Jörg Thomas hört aufmerksam zu. Er sitzt am Eck eines großen Tisches in der Kickers Gaststätte am Dallenberg. Dort findet das monatliche Treffen der Kickers-Fanclubs statt. Zwei Profis des Würzburger Fußball-Drittligisten sind ebenfalls in der Runde dabei: Frank Ronstadt und Leroy Kwadwo, der jüngst rassistisch attackiert wurde. Die beiden Neuzugänge vom letzten Sommer stellen sich kurz vor und beantworten viele Fragen.
Seit der Kindheit schwerhörig
Wie gefällt es ihnen in Würzburg? Was machen sie in ihrer freien Zeit? Auf welche Weise kommt ein Transfer zustande? Kwadwo und Ronstadt erzählen frei von der Leber. Thomas lauscht konzentriert; selbst stellt er keine Frage. Der 44-Jährige ist seit seiner Kindheit schwerhörig. Mit seinen Hörgeräten kommt der Heuchelhöfer gut zurecht. "Wichtig ist, dass es keine lauten Nebengeräusche gibt und ich den Sprechenden direkt anschauen kann", sagt er.
Thomas beherrscht auch das Lippenlesen. Zusammen mit der Technik am Ohr kann er etwa 70 Prozent von dem verstehen, was die beiden Kickers-Spieler berichten. "Es war sehr interessant", sagt Thomas nach der einstündigen Plauderstunde.
Kwadwo (23) ist gebürtiger Wattenscheider, ein lockerer Typ und seit einiger Zeit Stammspieler auf der linken Abwehrseite. Ronstadt (22) wird meist spät eingewechselt, stammt aus Hamburg und hat bei der Wohnungssuche den angespannten Mietmarkt in Würzburg kennengelernt. Zum Abschluss ihres Stammtisch-Besuchs gibt es noch Erinnerungsfotos. Thomas stellt sich mit seinem Kickers-Schal zwischen Kwadwo und Ronstadt. Er gehört dem neu gegründeten Gehörlosen-Fanclub an.
"Wir sind momentan 34 Mitglieder", berichtet Vorsitzender Timo Schaub aus Nüdlingen (Lkr. Bad Kissingen). Gegründet wurde der Club Ende November. Trainer Michael Schiele war mit dabei, überreichte Schal, Wimpel und ein signiertes Trikot. "Viele von uns haben schon vorher immer wieder Fußballspiele der Kickers angeschaut", erzählt Schaub. Aber als Teil eines Fanclubs speziell für taube Menschen sei das schon ein anderes Gefühl.
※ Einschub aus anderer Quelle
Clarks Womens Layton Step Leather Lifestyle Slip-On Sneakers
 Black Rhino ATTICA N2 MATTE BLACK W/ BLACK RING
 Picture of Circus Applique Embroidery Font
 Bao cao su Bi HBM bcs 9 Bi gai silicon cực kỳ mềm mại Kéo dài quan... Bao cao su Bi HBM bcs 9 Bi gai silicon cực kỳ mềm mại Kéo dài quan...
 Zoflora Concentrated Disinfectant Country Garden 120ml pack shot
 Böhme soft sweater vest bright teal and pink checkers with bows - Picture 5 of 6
Turbulente Auswärtsfahrten
Die Mitglieder stehen bei Heimspielen im Block 1 ganz rechts. "Es gibt keine Berührungsängste mit den anderen Fans." Neben Schaub kommen auch andere Mitglieder von außerhalb. Für alle liegt das Stadion am Dallenberg ideal. "Ich kann wunderbar mit der Straßenbahn vom Heuchelhof hierherkommen. Die Aschaffenburger sind von der Autobahn aus sofort da," berichtet Thomas.
Thomas hat eine Familie mit zwei Kindern und einem Hund sowie einen Beruf. Zeitlich bedingt schafft er es nur, bei Heimspielen dabei zu sein. "Manche von uns hören gar nichts. Sie müssen sich daher voll auf das Spiel fokussieren", erklärt Thomas von der Situation in der Fleyeralarm Arena. Der Gehörlosen-Kickers-Fanclub ist auch bei Auswärtsspielen dabei.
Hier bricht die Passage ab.